Worthy Farm, Somerset

Three years ago, the devastating result of the European referendum and a slippery landscape of mud threatened to diminish the euphoric spirit of Glastonbury. A year later, Jeremy Corbyn brought hope to thousands at Worthy Farm – before he later compromised his status among the left. A Glastonbury Festival still rooted in the future, then, felt more distant than ever for some past attendees.

But while real change is usually slow to be placed into effect, progress was visible at Glastonbury 2019. It was the event’s first plastic-free year, a move celebrated onstage by two Daves. The first being the much-loved 93-year-old broadcaster, and the second being a former Crack Magazine cover star and 21-year-old rapper. Over 99% of all tents were taken home – which made for a wonderful post-festival statistic – and the mantras of preservation and harmony that lay at the core of the festival’s ethos were implemented to bring real change to the site. This year, the festival’s agenda led to action.

The core elements of the festival’s ethos – unity and kindness – also echoed across the site through the festival’s bookings. IDLES rallied a full audience at The Park. In unison, they celebrated the NHS, sang for their mothers and amplified pro-immigration values that, three years ago, felt threatened by the announcement of Brexit during the festival.
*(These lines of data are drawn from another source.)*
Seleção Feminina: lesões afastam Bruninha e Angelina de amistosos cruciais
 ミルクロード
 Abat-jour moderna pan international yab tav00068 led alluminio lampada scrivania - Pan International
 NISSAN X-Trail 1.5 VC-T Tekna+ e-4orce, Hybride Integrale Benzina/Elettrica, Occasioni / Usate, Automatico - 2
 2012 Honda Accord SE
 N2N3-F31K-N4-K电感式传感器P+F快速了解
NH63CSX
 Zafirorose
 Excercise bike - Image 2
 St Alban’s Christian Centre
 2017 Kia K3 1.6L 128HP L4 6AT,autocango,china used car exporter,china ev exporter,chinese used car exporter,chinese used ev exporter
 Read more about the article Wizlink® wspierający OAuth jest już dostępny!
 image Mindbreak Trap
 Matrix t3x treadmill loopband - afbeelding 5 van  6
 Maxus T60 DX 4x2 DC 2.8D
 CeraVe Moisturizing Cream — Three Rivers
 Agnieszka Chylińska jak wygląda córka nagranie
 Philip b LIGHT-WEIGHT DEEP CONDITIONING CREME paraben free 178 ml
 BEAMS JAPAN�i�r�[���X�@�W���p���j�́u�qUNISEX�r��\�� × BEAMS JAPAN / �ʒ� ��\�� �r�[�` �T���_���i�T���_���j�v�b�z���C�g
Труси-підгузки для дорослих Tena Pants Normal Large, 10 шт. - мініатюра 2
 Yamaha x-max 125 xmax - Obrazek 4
The values the Bristol band hold close echoed those of the festival’s – the role of live music as a source of hope and critical thought.

Stormzy’s turn on the Pyramid Stage provided the weekend’s most blockbuster political moments. There were spoken segments from Malorie Blackman and David Lammy and a wheel-up prompted by 100,000 people (those aged under 21 may usually be stereotyped as apathetic in the face of politics, but a significant amount were present here) who shouted “Fuck the government and fuck Boris!” live on national TV. It was an occasion that could only have happened at Glastonbury. The grime star appeared both unflinchingly focused and completely present in the moment. Onstage, Stormzy fully seized this opening and captured the fury, humour and glory of his world and brought it to the biggest stage at the event.

You didn’t need to look far to find fellow future leaders at Glastonbury 2019. The London jazz revolution reverberated across the weekend through the immersive cosmic wanderings of The Comet Is Coming, the community-focused ethos of Steam Down and the collaborative jams of Ezra Collective. Billie Eilish and Rosalía offered a diverse forecast of the future of pop music – Billie through an unvarnished personality and infectious melodies and Rosalía through a standard of choreographed precision that made Janet Jackson’s chaotic mimed mega-mix feel all the more loveless.

As usual, NYC Downlow – or the world’s most famous temporary nightclub – continued its reign over Block9. Key names this year included foundational house groundbreakers Tony Humphries and Erick Morillo. With godfathers like this billed alongside the likes of Midland and Horse Meat Disco’s Luke Howard, the festival reaffirmed the cross-generational significance of this space and the community that built it. Every year the queue is longer and the message is stronger. Elsewhere, Giant Swan caused chaos in The Glade, Paranoid London’s chuggy acidic techno continued to be the most underrated live act in electronic music, and Hessle Audio’s two hours at the hypnotising new IICON Stage provided proof that Block9 is a changing force; a swell of breaks and jungle syncopations closed one of the most visually impressive festival stages we’ve ever seen.

And then there was Kylie. 14 years ago, a breast cancer diagnosis meant she had to step down from a headline show, and she arrived at her 2019 legends slot glowing and armed with chart-topping hits. Where other legends slots have relied on pure guilty pleasure thrills, Kylie struck a perfect balance of corniness and grace. The silliness of Locomotion was counterbalanced by the sheer wonder of Nick Cave, who joined the Australian star for Wild Rose and the timelessly provocative Slow. Where other legends have used the afternoon slot as a victory lap, Kylie tied up unfinished business – reminding audiences of the breadth of her catalogue and re-asserting her untouchable status in British pop.

With a weekend dominated by shameless blasts of pop, The Cure’s gloomy and intense guitar headline salvo felt needed. As Robert Smith said, “I hope I don’t regret doing this” before he launched into Boys Don’t Cry for the finale, Janelle Monáe stripped down to a leotard and covered herself in mud for her final song at the West Holts Stage. The two performers are worlds apart – one notoriously inhibited, the other an expert performer in every sense. In the context of Glastonbury, they didn’t feel so disparate, especially on a year where optimism, self-expression and connectivity were strong themes throughout.